[Description of the task]
Where an entry contains a picture, skip the picture and write out everything else exactly.

# # # #

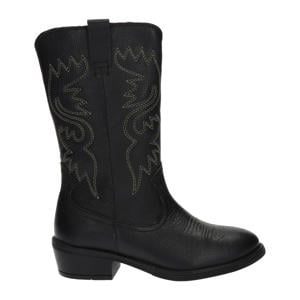leren cowboylaarzen zwart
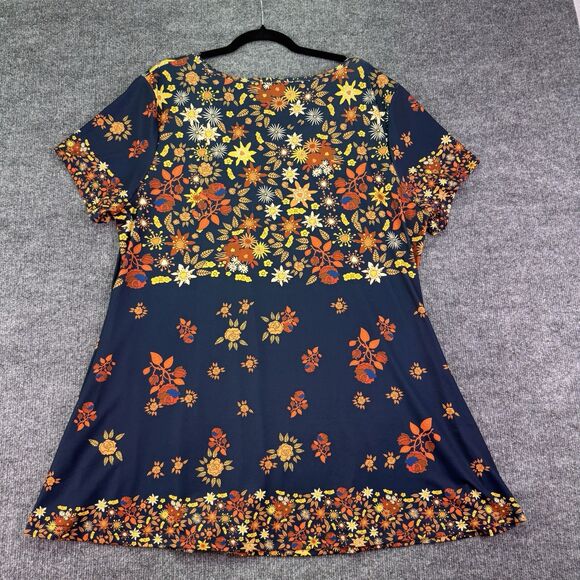 Lily by Firmiana Women’s 2XL Floral Tunic Top Short Sleeve Navy Orange Boho - Picture 7 of 10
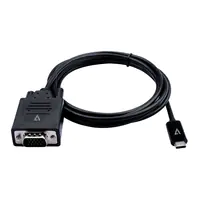 V7 - Adapterkabel - 24 pin USB-C (M) zu HD-15 (VGA) (M) - 2 m - Daumenschrauben, 1200p-Unterstützung, 60 Hz - Schwarz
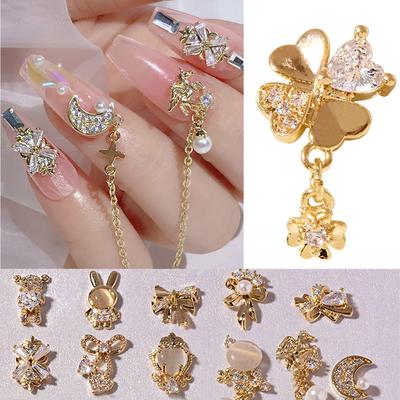 Charms Manicure Tools Nail Rhinestones Nail Art Decorations Nail Art Jewelry Crystal Pendant Chain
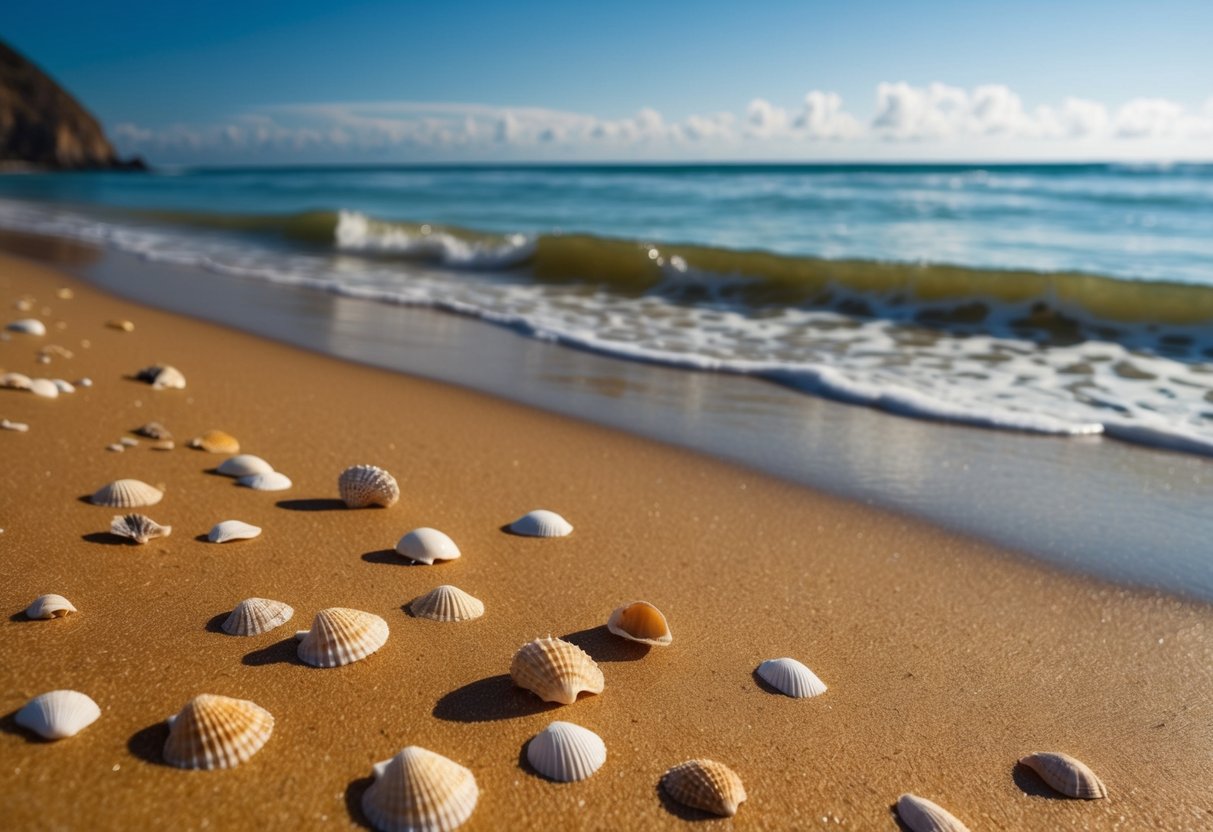 Golden sand, clear blue waters, and scattered seashells on a remote beach in Peru. Waves gently roll onto the shore, creating a serene and picturesque scene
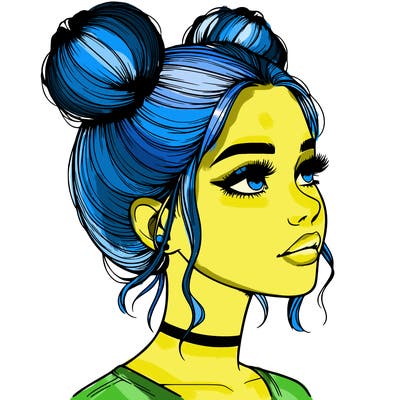 realistic girl with buns on the top of her head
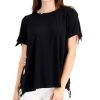 Women'S JM Collection | Mixed-Media Tied-Sleeve Top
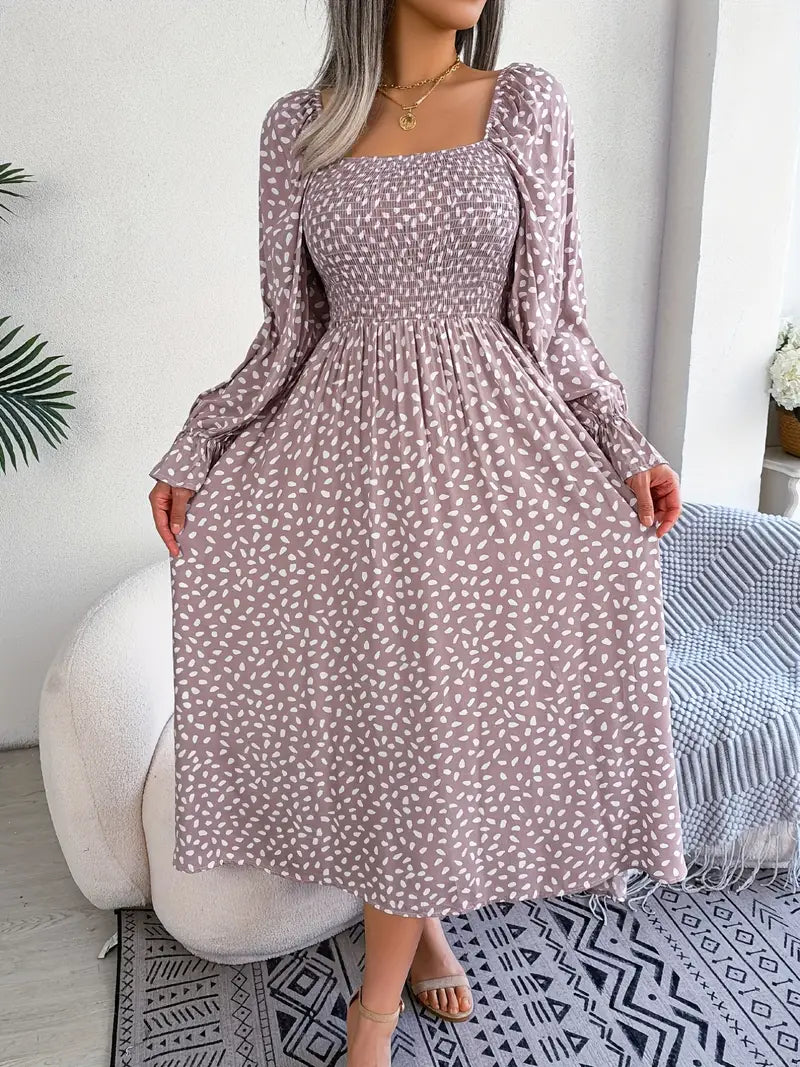 Mocarra | Langärmeliges Plissee-Kleid mit Quadratischem Ausschnitt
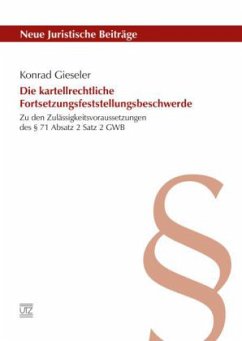 Cover Die kartellrechtliche Fortsetzungsfeststellungsbeschwerde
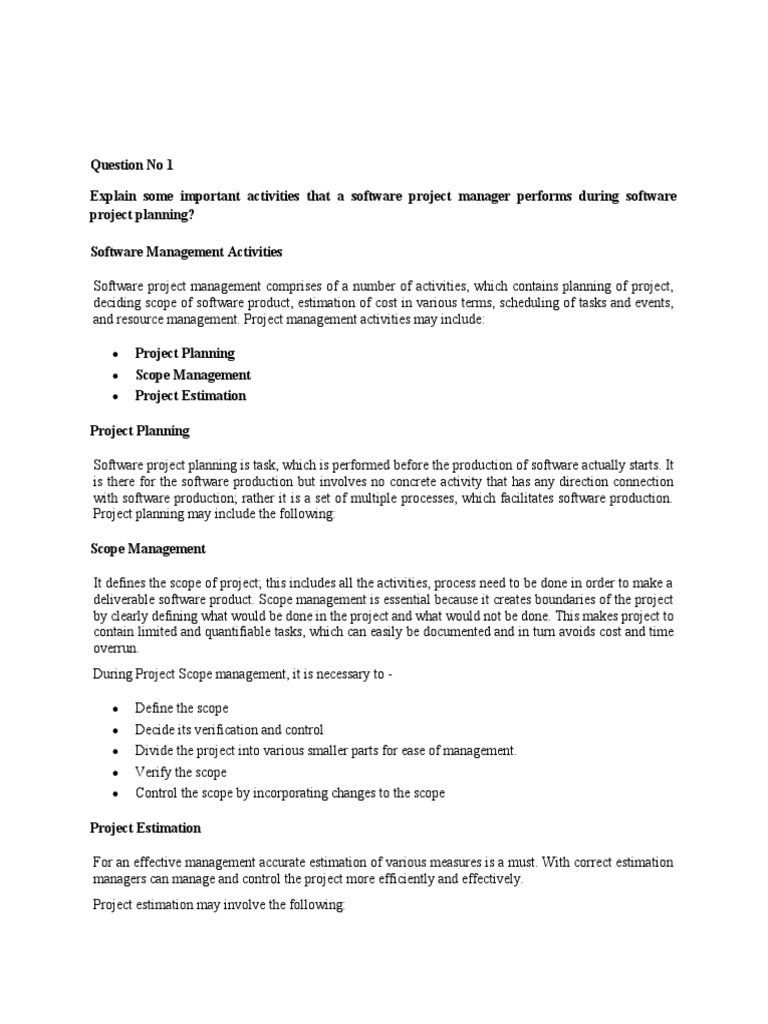 Key Activities in Software Project Management | PDF | Project ...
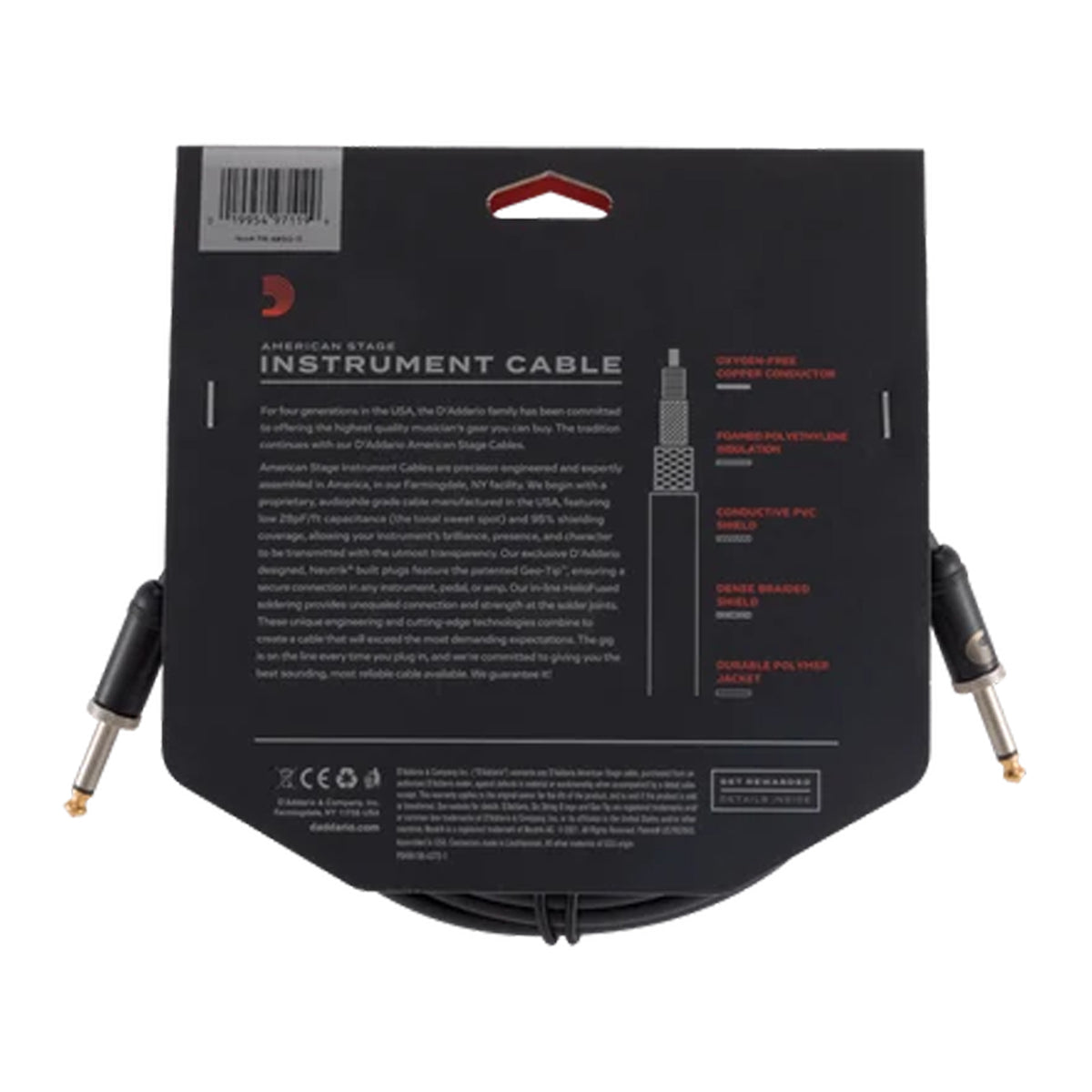 D'ADDARIO PW-AMSG-15 American Stage Câble d'instrument droit vers droit TS 1/4 po - 15 pi
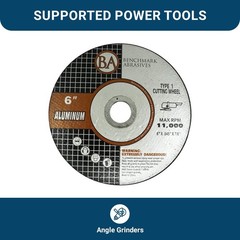 Benchmark Abrasives Type 1 Aluminum Oxide 6 Inch Cut Off Wheels for 6 inches
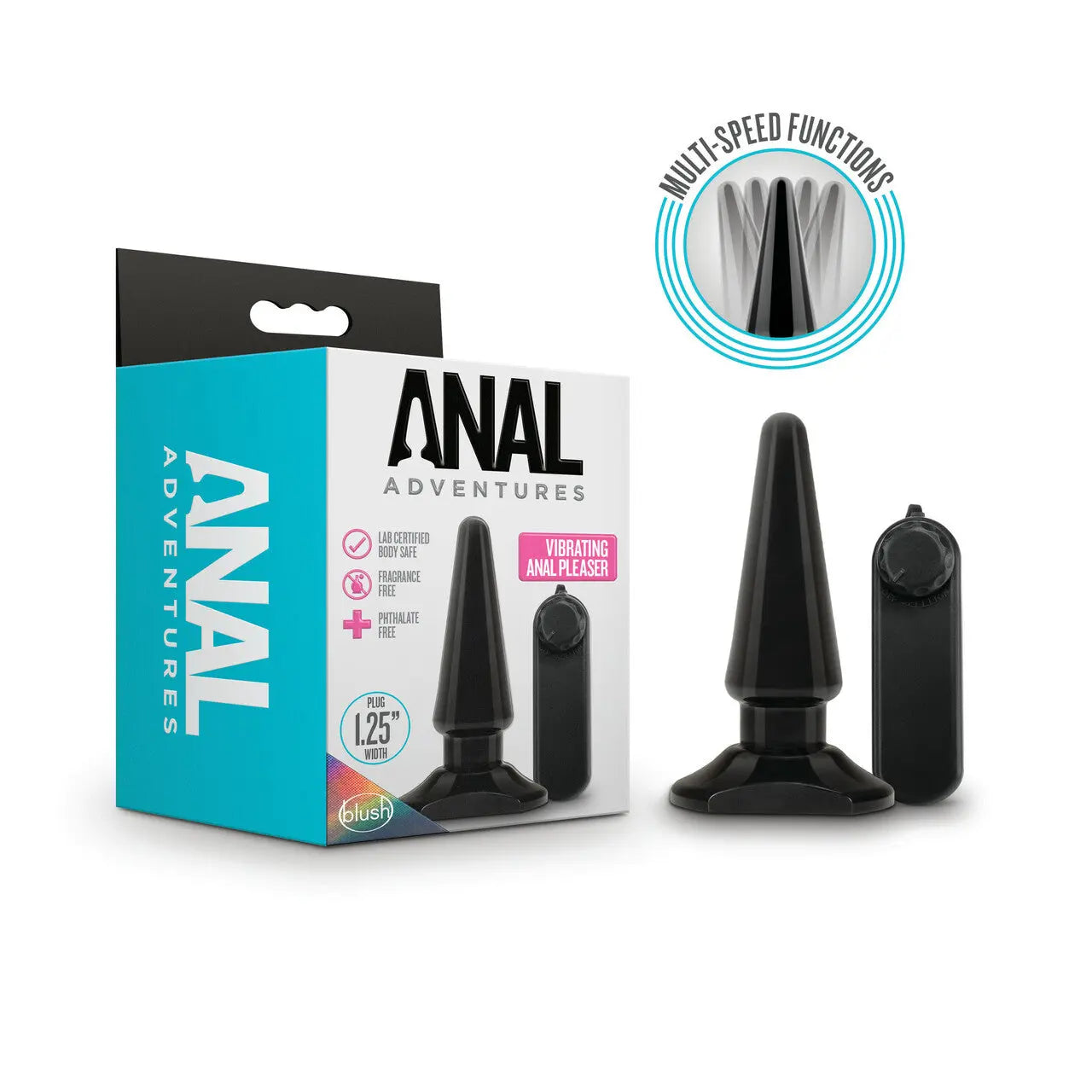 Anal Adventures Basic Vibrating Anal Pleaser Black Blush Novelties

# # # #

[Response for this exercise]
leren cowboylaarzen zwart
 Lily by Firmiana Women’s 2XL Floral Tunic Top Short Sleeve Navy Orange Boho - Picture 7 of 10
 V7 - Adapterkabel - 24 pin USB-C (M) zu HD-15 (VGA) (M) - 2 m - Daumenschrauben, 1200p-Unterstützung, 60 Hz - Schwarz
 Charms Manicure Tools Nail Rhinestones Nail Art Decorations Nail Art Jewelry Crystal Pendant Chain
 Golden sand, clear blue waters, and scattered seashells on a remote beach in Peru. Waves gently roll onto the shore, creating a serene and picturesque scene
 realistic girl with buns on the top of her head
 Women'S JM Collection | Mixed-Media Tied-Sleeve Top
 Mocarra | Langärmeliges Plissee-Kleid mit Quadratischem Ausschnitt
 Cover Die kartellrechtliche Fortsetzungsfeststellungsbeschwerde
 Key Activities in Software Project Management | PDF | Project ...
 D'ADDARIO PW-AMSG-15 American Stage Câble d'instrument droit vers droit TS 1/4 po - 15 pi
 Benchmark Abrasives Type 1 Aluminum Oxide 6 Inch Cut Off Wheels for 6 inches
 Anal Adventures Basic Vibrating Anal Pleaser Black Blush Novelties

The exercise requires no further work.